4 Preliminary Evaluation

We have performed several preliminary and exploratory experiments in order to assess the effectiveness of our proposed approach. In this section, we describe the available data, and illustrate results of such experiments.

We performed our experiments on a sample of the whole dataset. More specifically, we considered available résumés for 2016 and 2017, for a total of 12957 résumés. The data were anonymised and provided by IT Partner Italia following the General Data Protection Regulation (GDPR).

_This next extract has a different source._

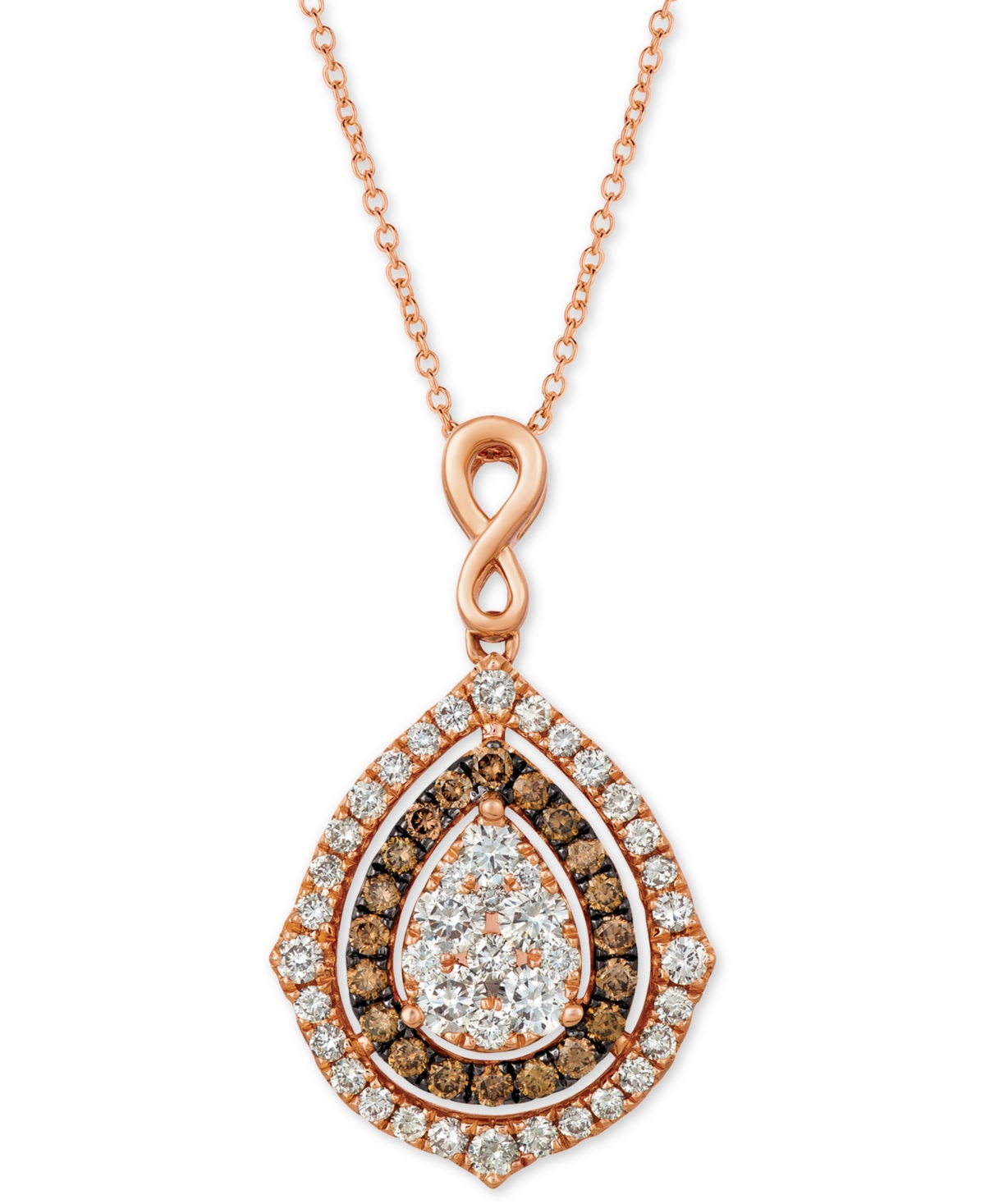 Nude Diamonds & Chocolate Diamonds Fancy 18" Pendant Necklace (1-5/8 ct. t.w.) in 14k Rose, Yellow or White Gold - Rose Gold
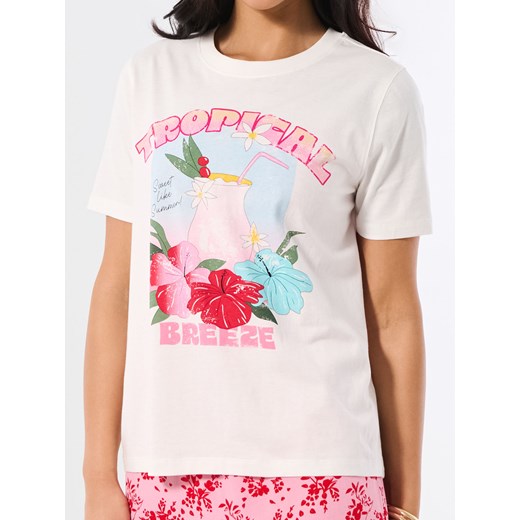 Sinsay - Bawełniana koszula z nadrukiem wakacyjnym - kremowy Sinsay S Sinsay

For each résumé, several additional information is provided, such as city of provenance and skills of the candidates (i.e. main skill, secondary skill, etc.), as well as manually inserted information concerning an actual evaluation of the candidate from a recruiter. On the one hand, we plan to exploit only information contained in the résumé to build our distributional model. This avoids the necessity of manual labour from recruiters. On the other hand, we exploit skill labels of résumés in order to assess the quality of our representation. Skills are extracted through proprietary algorithms by our industrial partner, and albeit not manually annotated, can provide a good approximation of the skills of a given candidate. We also observe that, due to different sources for résumés in our dataset (e.g. PDF, online forms), conversion into plain text may result in errors and inconsistencies.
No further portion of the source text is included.